Find your own shrikes
Red-backed Shrike is a regular ‘drift migrant’ across the North Sea, and consequently tends to be most frequent on the east and south coasts. Arrivals are concentrated on Shetland and Orkney, indicating a Fennoscandian origin, but many of the east coast watchpoints produce multiple birds in autumn: try Spurn YWT, (TA 4011), Flamborough Head (TA 2570), both East Yorkshire, and various north Norfolk sites. Sightings can be found on BirdGuides.com, but you also stand a fair chance of finding your own, even occasionally on a scrubby inland patch.
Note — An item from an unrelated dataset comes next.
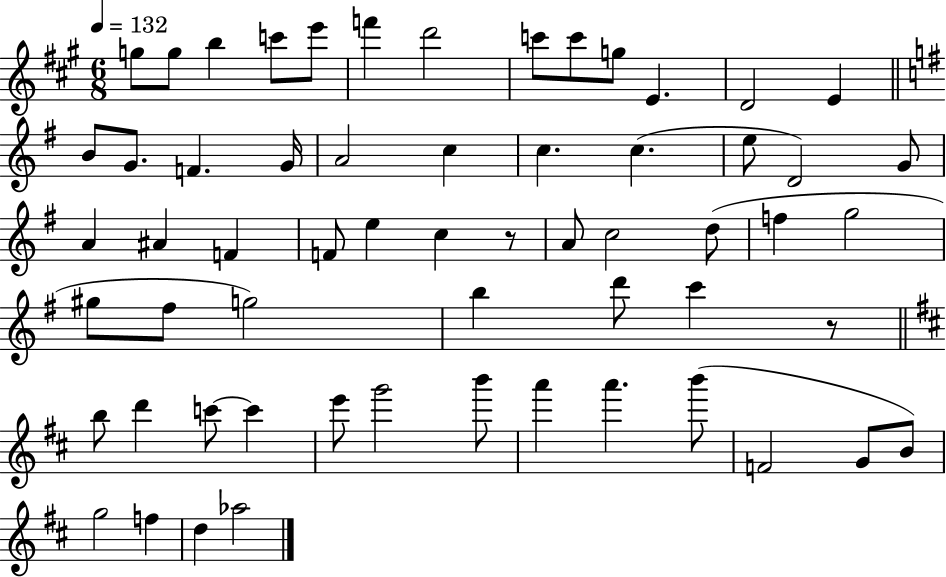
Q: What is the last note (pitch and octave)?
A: Ab5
The occasional pair continues to breed in Britain, most often on Dartmoor, Devon, but exact locations are closely guarded to prevent egg thieves from scuppering the birds’ reproductive chances.
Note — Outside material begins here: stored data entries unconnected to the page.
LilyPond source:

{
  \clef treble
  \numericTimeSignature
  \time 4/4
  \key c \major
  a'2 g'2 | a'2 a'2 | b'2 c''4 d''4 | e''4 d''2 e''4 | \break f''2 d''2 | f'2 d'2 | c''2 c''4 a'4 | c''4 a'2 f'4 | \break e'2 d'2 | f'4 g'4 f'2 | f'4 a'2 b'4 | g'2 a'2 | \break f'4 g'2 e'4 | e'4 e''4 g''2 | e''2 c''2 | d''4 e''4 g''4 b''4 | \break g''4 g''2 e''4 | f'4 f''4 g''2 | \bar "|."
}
If present, a Red-backed Shrike will be fairly obvious, frequently perching on the tops of hawthorn and similar shrubs, and even sometimes being mobbed by smaller less predatory passerines.
Daurian Shrike is considerably rarer, but has been almost annual since 1993. The distribution of records vaguely mirrors that of Red-backed, with a noticeable bias towards Shetland, though Orkney has had very few birds. Other areas with potential to produce individuals are Yorkshire, north Norfolk, Kent, Dorset and Scilly, but bear in mind that Daurian Shrike is almost always found on the coast and at the obvious bird observatories and watchpoints. Keep your eyes peeled for news.
Turkestan Shrike is substantially rarer than Daurian, but where its identification has been clinched, it has occurred in Kent, Co Durham, Somerset, Cornwall, Anglesey and north Norfolk – far less predictably at the regular watchpoints, as can be seen from
the wide-ranging spread of these records.